Fabrice Poncet: We cut the panels using a partner’s CNC machine, since we don’t yet have our own. The MIX’s founders, friends and family then worked weekends to make the furniture. This shows the different options for the same piece of furniture: buying fully-finished from a maker, or investing time for the pleasure of making it yourself, by buying just the cut-out parts.

Opendesk: And what’s next?

Fabrice Poncet: The MIX experience led us to launch the Open Emploi project: acquire a CNC machine to create 3 jobs for people excluded from work, document this experience, then find enterprises willing to duplicate across France. To complement our current offer, we will propose furniture under Creative Commons licence, like Opendesk.
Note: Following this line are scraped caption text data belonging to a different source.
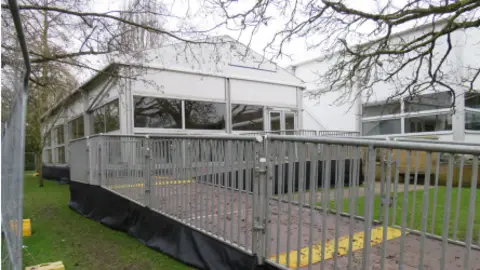 Pendery Architecture & Heritage Ltd A general view picture of a white temporary lecture theatre at St Catherine's College in Oxford.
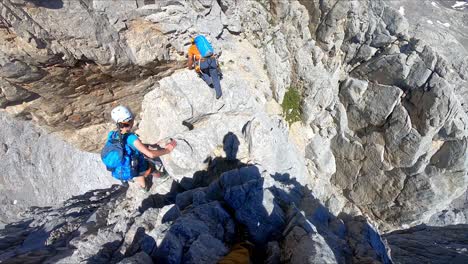 A-girl-and-a-boy-mountaineer-climbing-in-very-high-rocks-un-peaks-of-europe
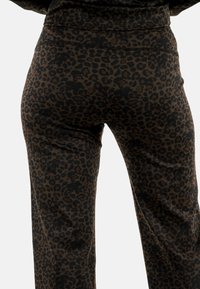 Los pantalones de estampado de leopardo en marrón oscuro y negro cuentan con una cinturilla cómoda y un tejido elástico, adecuados para un uso informal.
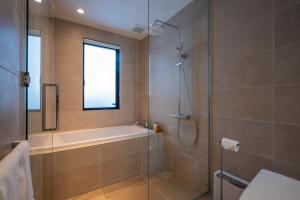 a bathroom with a shower and a tub and a sink at Mokuren by H2 Life in Niseko
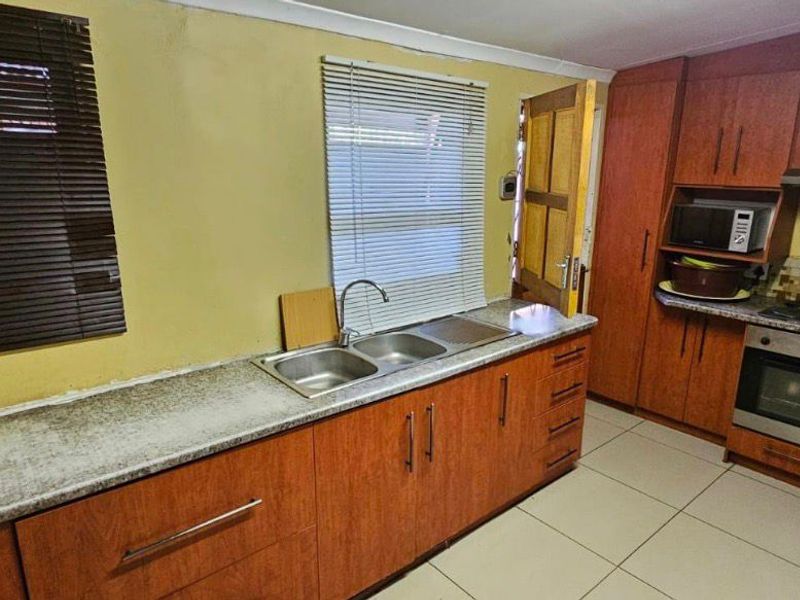 A functional kitchen featuring wood-finish cabinetry, laminate countertops, a double sink, and integrated appliances including an oven and hob with a mosaic backsplash.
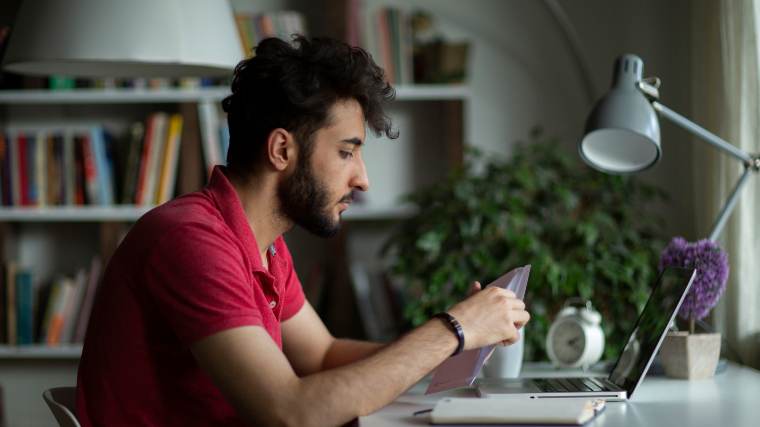 Young man reading a bill, sitting in front of a laptop, trying to decide if he should pay it.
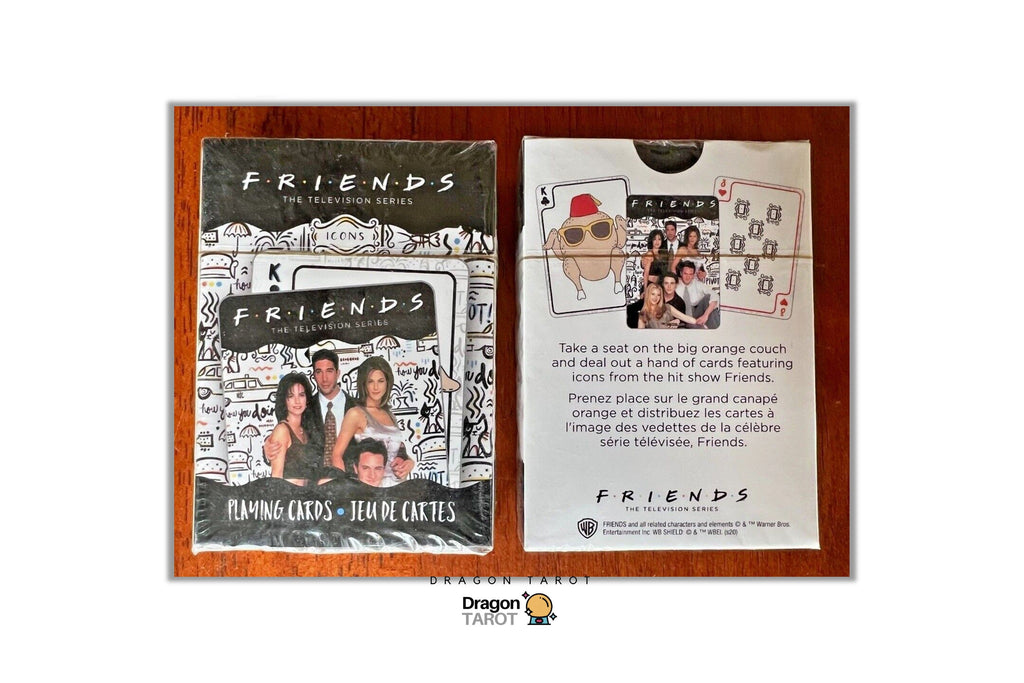 Two Dragon Tarot 'Friends' themed oracle cards displayed side-by-side on a wooden surface. The left card, titled 'FRIENDS THE RELEASING SERIES', features a black and white sketch-style illustration of the main characters.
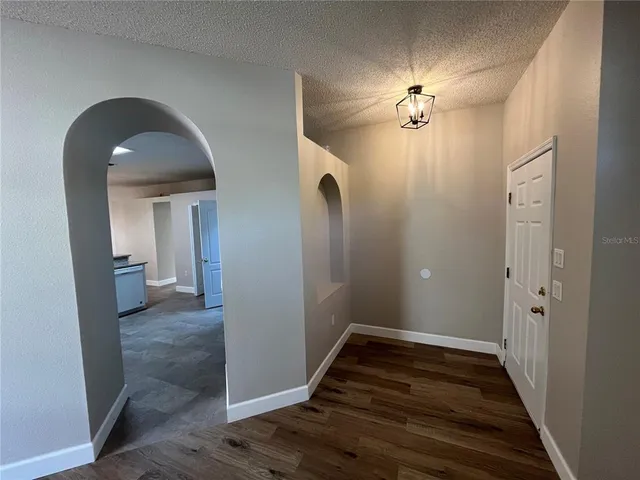 a view of a hallway with wooden floor and a chandelier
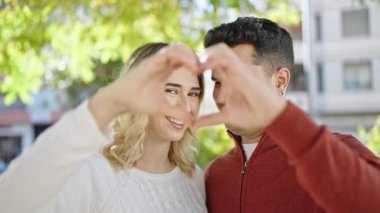 Kadın ve erkek, parktaki elleriyle kalp hareketi yaparak gülümsüyor.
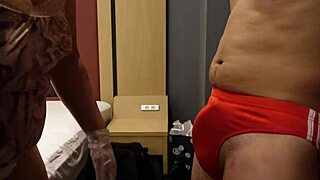 Dominant bitch slaps and kicks erect cock over tight blue bloomers for fun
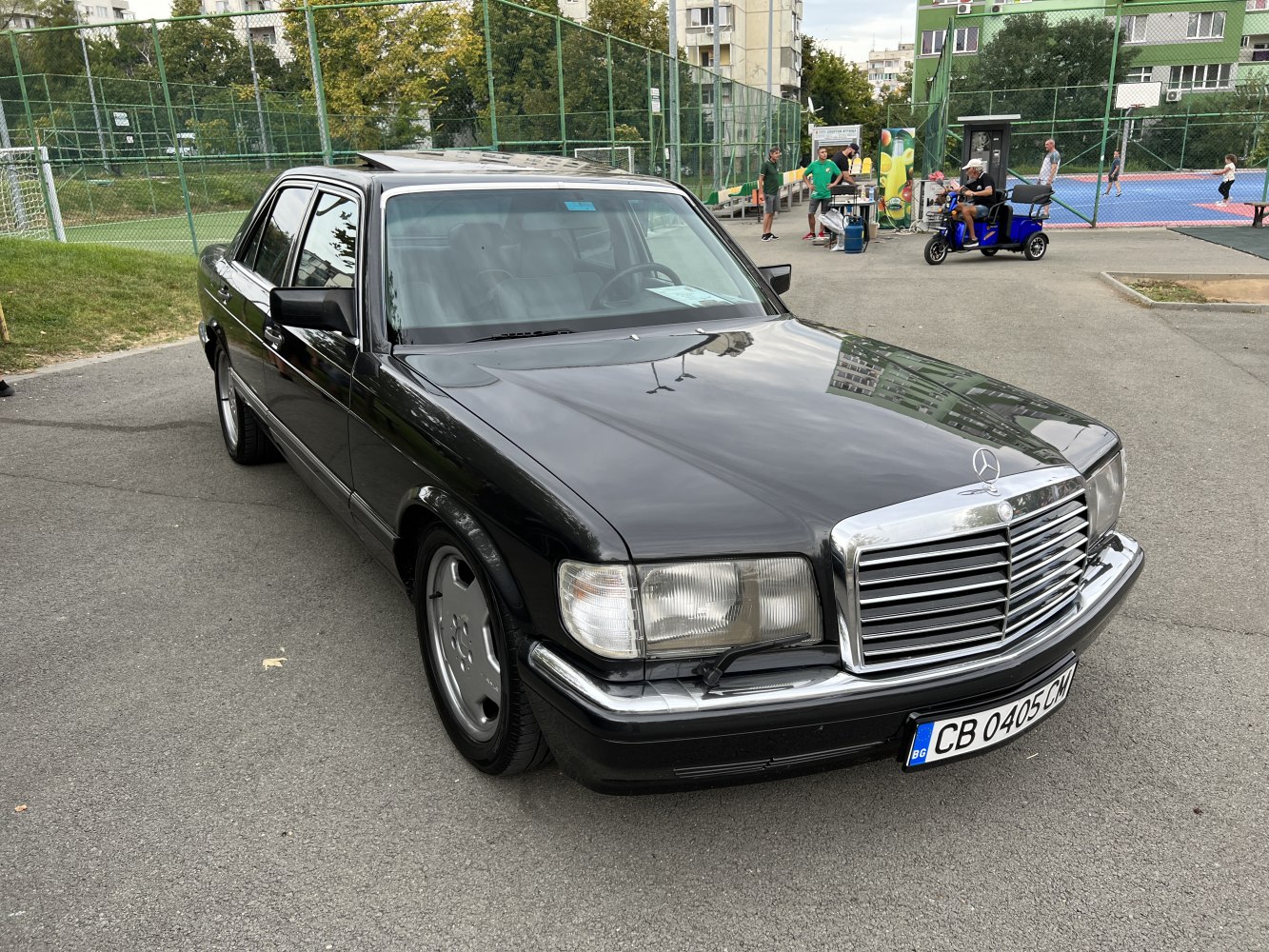 Vintage luxury sedan with chrome grille and angular headlights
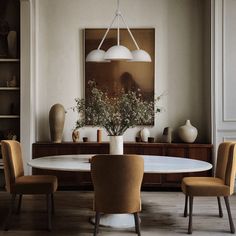 a dining room table with four chairs and a vase on the wall behind it in front of a painting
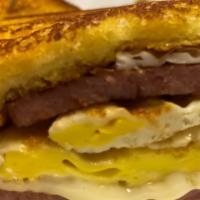 Ultimate French Toast Sandwich · Your Choice of Fried or Scrambled Eggs, with Your Choice of Breakfast Meat, and Cheese Sandw...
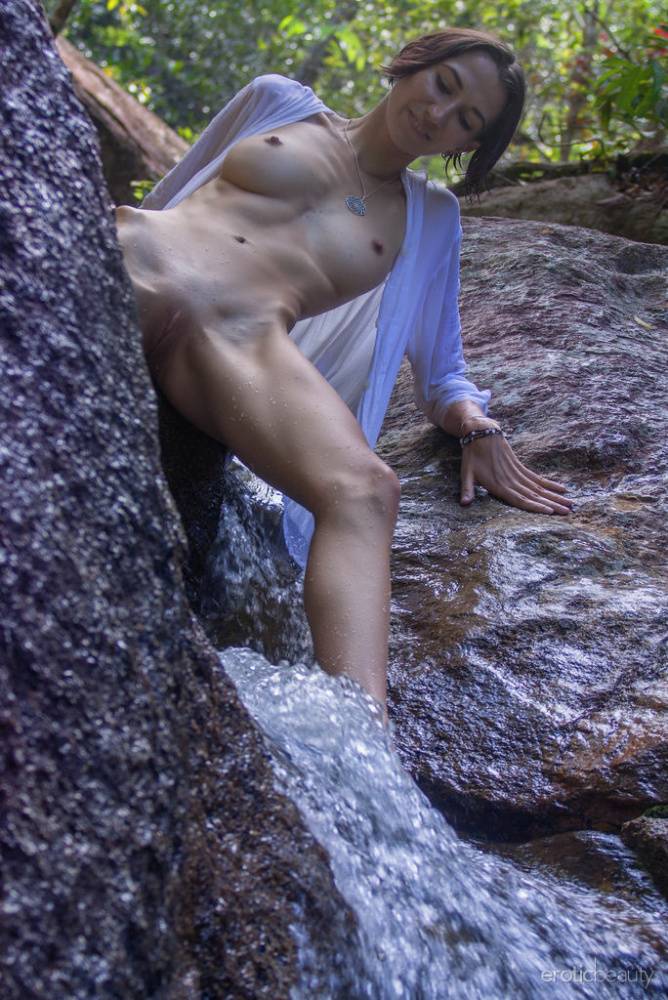 Slender teen Alisa M shows her naked body in a stream of fast-moving water - #11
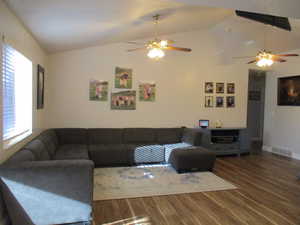 Living room featuring lofted ceiling, ceiling fan, and dark hardwood / wood-style floors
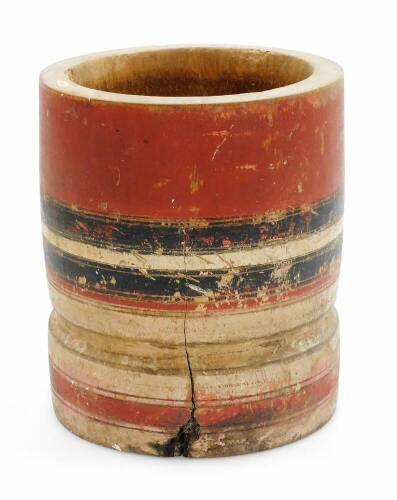 An African tribal jar, painted with a red and black banding, with plain interior, 18cm high.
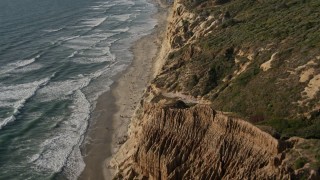 DCA08_257E - 4K aerial stock footage of panning across coastal cliffs and beach, La Jolla, California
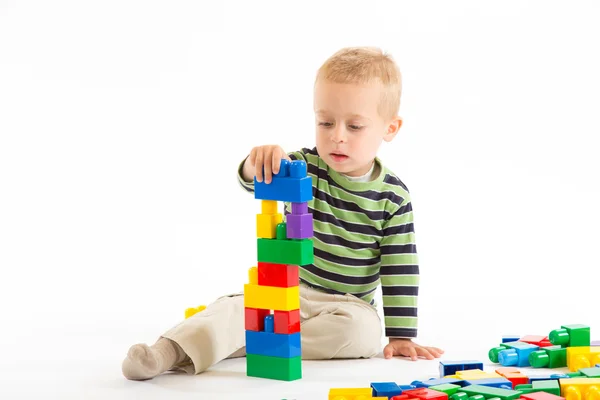 Little cute boy playing with building blocks. Isolated on white. — Stock Photo, Image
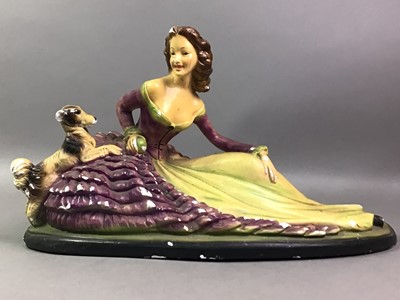 Lot 591 - ART DECO PAINTED PLASTER FIGURE OF A LADY AND DOG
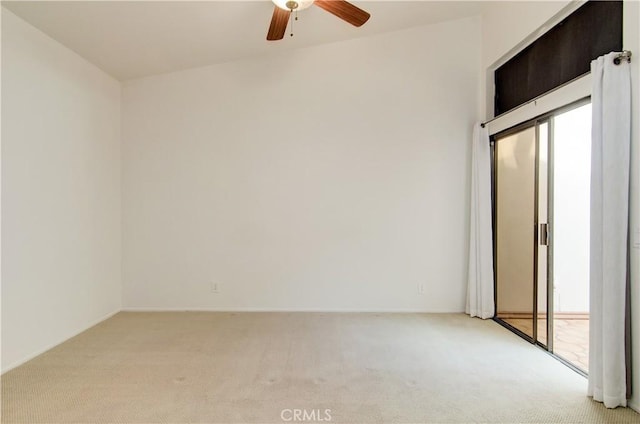 spare room with ceiling fan, a wealth of natural light, and light colored carpet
The CNC machining does the complex part of the work. The next steps (de-burring, sanding, assembly, finishing and packaging) can be done by people with handicaps or as part of insertion.
We work in close partnership with Opendesk for CC - licensed furniture, with Artibois (mental illness), Le Valdocco (insertion), Les Liserons (autism), Le Prado (protection de la jeunesse) and La Mirly (insertion and handicap). A prize from the AVIVA competition and the support from Umanao.com, a collaborative commerce site should allow us to finance the exceptional expenses: feasibility studies, training, extra supervision, documentation and project dissemination.
We want to prove that it is possible to offer 15% of the jobs of a SME to people with handicaps or in professional insertion, in France and without public subsidy. There are 3 million SMEs in France: if each one chips in, then the whole society will be better off!